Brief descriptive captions
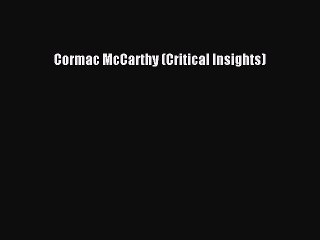 PDF Cormac McCarthy (Critical Insights)  Read Online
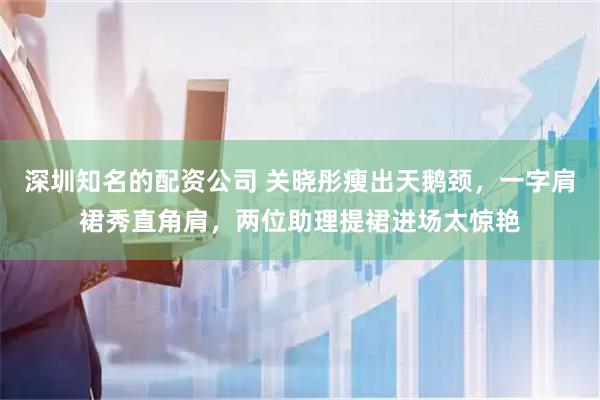 深圳知名的配资公司 关晓彤瘦出天鹅颈,一字肩裙秀直角肩,两位助理提裙进场太惊艳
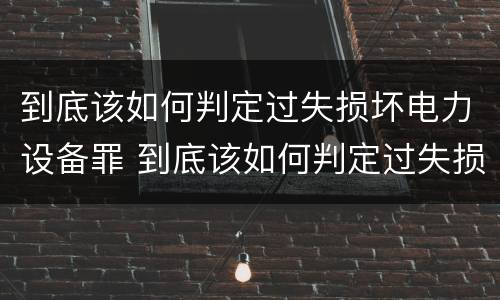 到底该如何判定过失损坏电力设备罪 到底该如何判定过失损坏电力设备罪呢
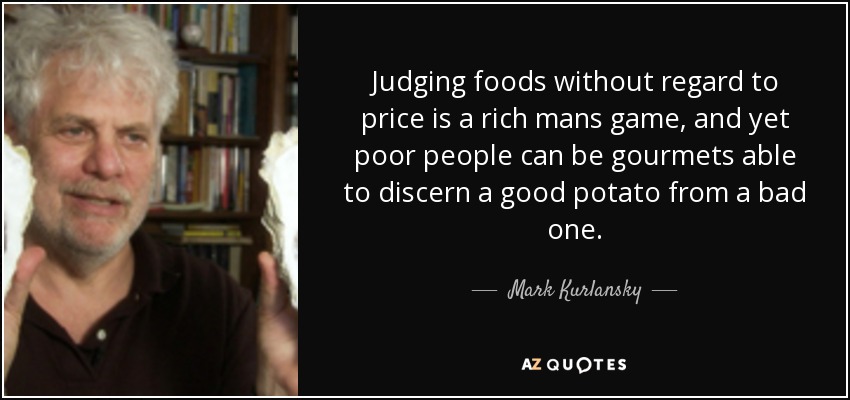 Judging foods without regard to price is a rich mans game, and yet poor people can be gourmets able to discern a good potato from a bad one. - Mark Kurlansky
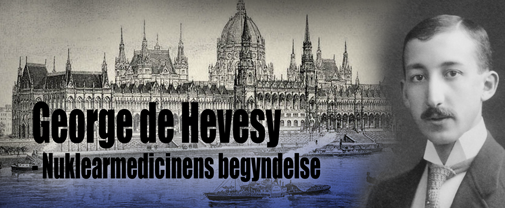 George de Hevesy - Nuklearmedicinens begyndelse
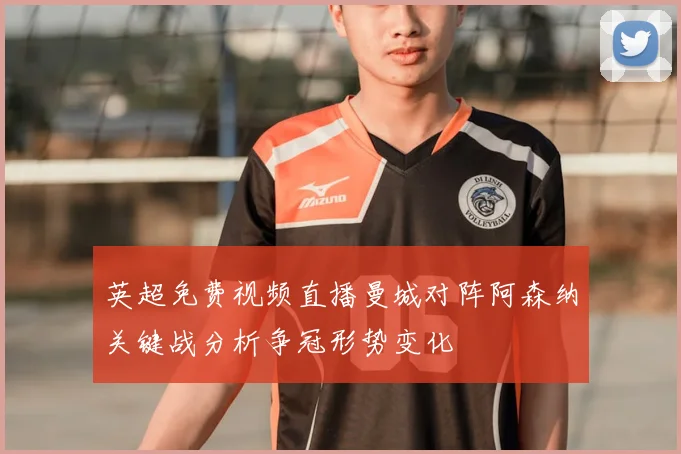 英超免费视频直播曼城对阵阿森纳关键战分析争冠形势变化
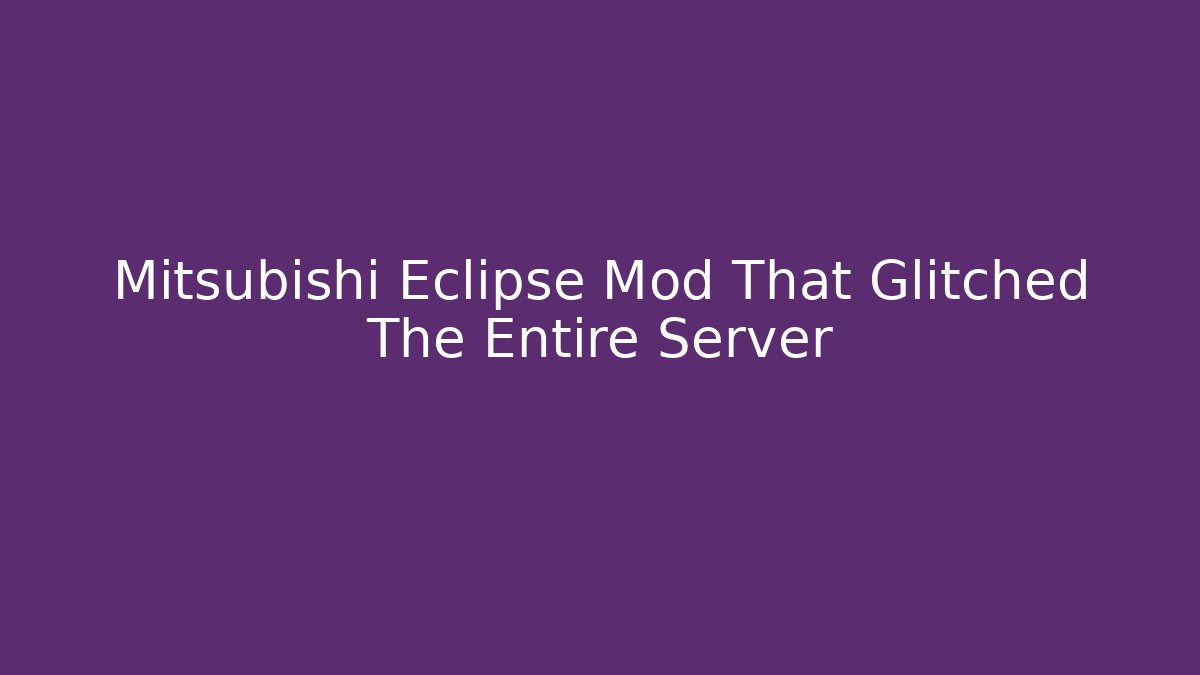 Mitsubishi Eclipse Mod That Glitched The Entire Server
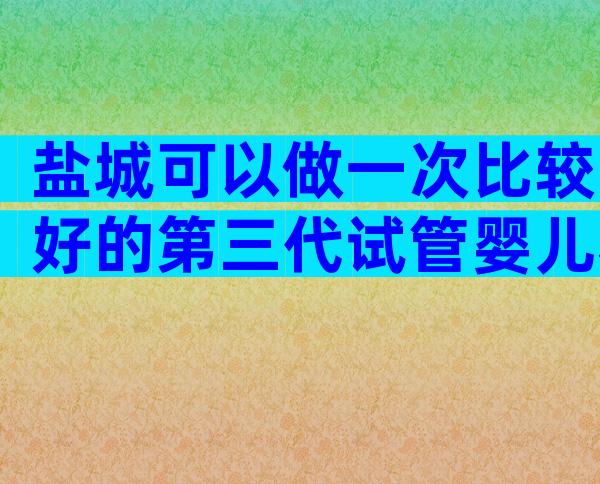 盐城可以做一次比较好的第三代试管婴儿私立机构吗？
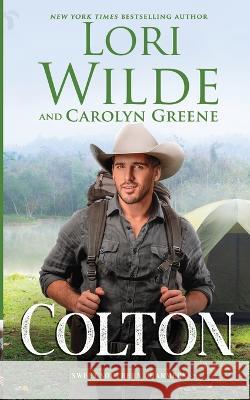 Colton: A Heartwarming Romantic Comedy Carolyn Greene Lori Wilde  9798391286721 Independently Published - książka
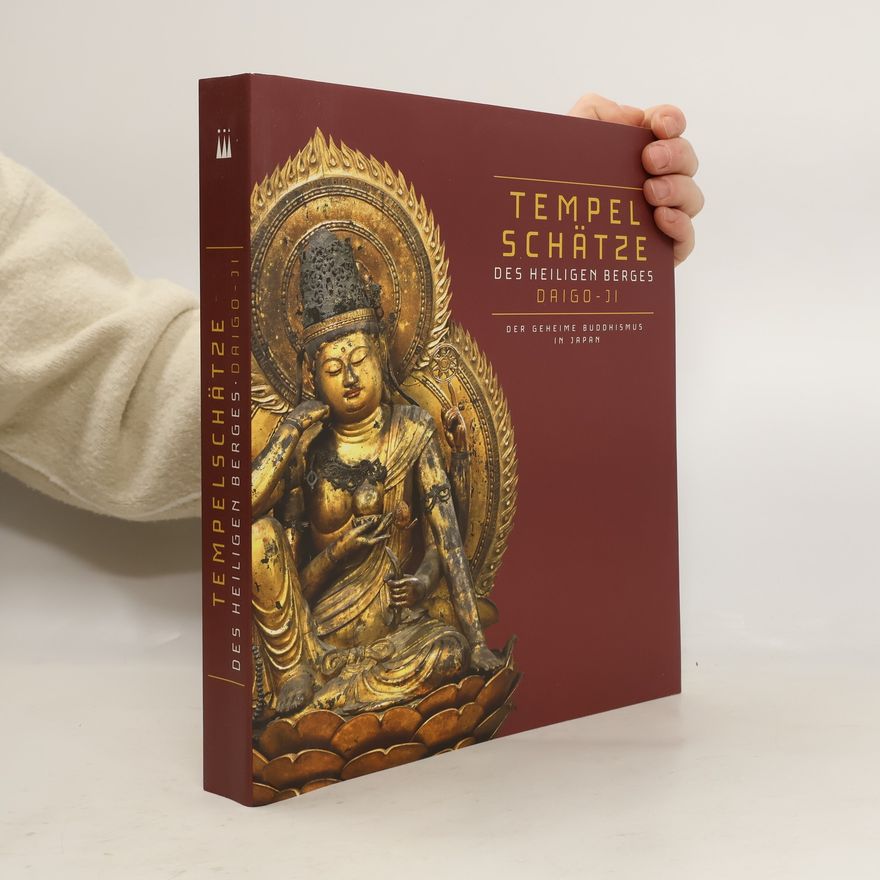 Josef Kreiner Tempelschätze des heiligen Berges - Daigo-ji
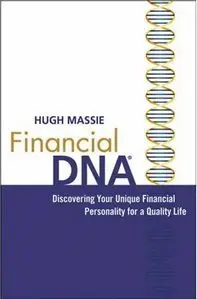 Financial DNA: Discovering Your Unique Financial Personality for a Quality Life (Repost)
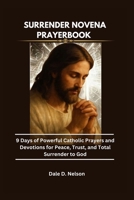 SURRENDER NOVENA PRAYERBOOK: 9 Days of Powerful Catholic Prayers and Devotions for Peace, Trust, and Total Surrender to God B0G82349MF Book Cover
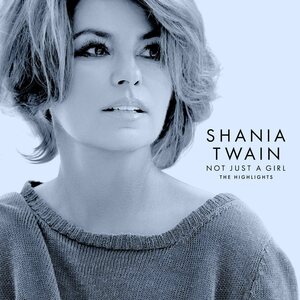 Shania Twain – Not Just A Girl: The Highlights CD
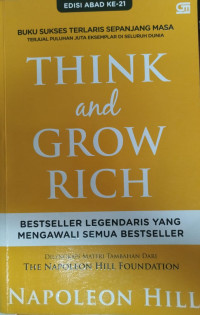 Think and grow rich = edisi abad ke-21 dengan penjelasan dan contoh baru
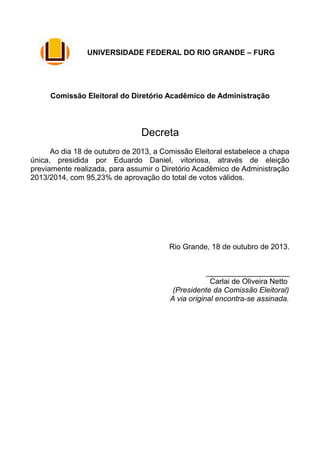 UNIVERSIDADE FEDERAL DO RIO GRANDE – FURG

Comissão Eleitoral do Diretório Acadêmico de Administração

Decreta
Ao dia 18 de outubro de 2013, a Comissão Eleitoral estabelece a chapa
única, presidida por Eduardo Daniel, vitoriosa, através de eleição
previamente realizada, para assumir o Diretório Acadêmico de Administração
2013/2014, com 95,23% de aprovação do total de votos válidos.

Rio Grande, 18 de outubro de 2013.
____________________
Carlai de Oliveira Netto
(Presidente da Comissão Eleitoral)
A via original encontra-se assinada.

 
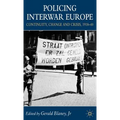 Policing Interwar Europe: Continuity, Change and Crisis, 1918-40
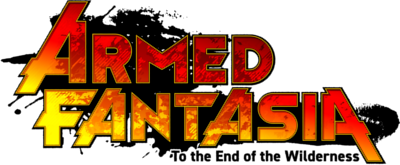 ARMED FANTASIA: To the End of the Wilderness's cover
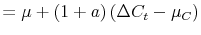 \displaystyle = \mu + (1+a)\left( \Delta C_t - \mu_C \right)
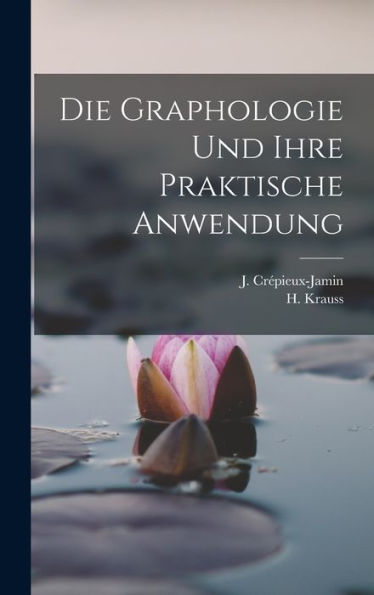 Die Graphologie Und Ihre Praktische Anwendung (German Edition)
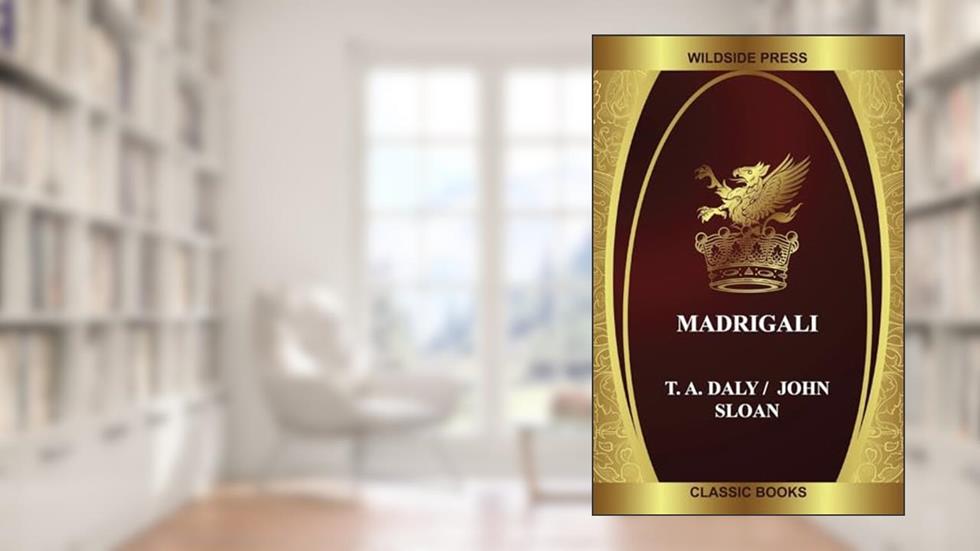 Madrigali, written by T a Daly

**WHAT TO PRODUCE**
An exact, complete copy of the lines above from the one with "Ao dia 18 de" through the one with "previamente realizada, para" is the whole answer.

**SOLUTION TO THE PROBLEM**
Ao dia 18 de outubro de 2013, a Comissão Eleitoral estabelece a chapa
única, presidida por Eduardo Daniel, vitoriosa, através de eleição
previamente realizada, para assumir o Diretório Acadêmico de Administração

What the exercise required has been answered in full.